_Your objective_: Please give back word for word the lines below, from the first one through the one with "synology Dysk SSD".

== Input ==

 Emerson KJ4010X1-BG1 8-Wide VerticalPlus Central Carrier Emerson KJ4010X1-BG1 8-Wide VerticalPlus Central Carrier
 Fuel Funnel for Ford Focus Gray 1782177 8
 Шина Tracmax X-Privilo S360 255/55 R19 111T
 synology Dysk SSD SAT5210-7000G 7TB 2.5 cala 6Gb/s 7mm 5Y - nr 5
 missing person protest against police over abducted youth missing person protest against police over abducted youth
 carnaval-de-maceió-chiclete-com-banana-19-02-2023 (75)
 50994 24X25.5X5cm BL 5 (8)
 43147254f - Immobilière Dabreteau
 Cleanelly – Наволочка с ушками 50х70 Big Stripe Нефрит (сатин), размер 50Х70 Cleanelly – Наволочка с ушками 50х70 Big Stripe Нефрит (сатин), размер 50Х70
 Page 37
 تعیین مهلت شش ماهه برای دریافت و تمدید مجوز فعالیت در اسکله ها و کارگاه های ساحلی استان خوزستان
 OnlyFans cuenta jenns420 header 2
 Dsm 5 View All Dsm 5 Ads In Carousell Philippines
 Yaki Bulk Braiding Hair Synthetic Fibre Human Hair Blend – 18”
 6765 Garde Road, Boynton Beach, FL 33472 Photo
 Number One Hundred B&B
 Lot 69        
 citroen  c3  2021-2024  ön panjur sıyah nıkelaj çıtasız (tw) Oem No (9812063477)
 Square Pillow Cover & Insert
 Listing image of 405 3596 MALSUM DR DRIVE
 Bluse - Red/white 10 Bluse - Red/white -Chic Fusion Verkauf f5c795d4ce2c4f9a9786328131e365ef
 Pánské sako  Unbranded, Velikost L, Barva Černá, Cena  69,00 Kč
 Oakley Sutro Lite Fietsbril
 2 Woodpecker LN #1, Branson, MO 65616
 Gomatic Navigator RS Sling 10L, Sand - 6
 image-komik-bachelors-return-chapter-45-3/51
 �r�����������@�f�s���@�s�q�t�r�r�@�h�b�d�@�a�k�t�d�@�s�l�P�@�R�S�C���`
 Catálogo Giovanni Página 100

===

_Exercise output_:
 Emerson KJ4010X1-BG1 8-Wide VerticalPlus Central Carrier Emerson KJ4010X1-BG1 8-Wide VerticalPlus Central Carrier
 Fuel Funnel for Ford Focus Gray 1782177 8
 Шина Tracmax X-Privilo S360 255/55 R19 111T
 synology Dysk SSD SAT5210-7000G 7TB 2.5 cala 6Gb/s 7mm 5Y - nr 5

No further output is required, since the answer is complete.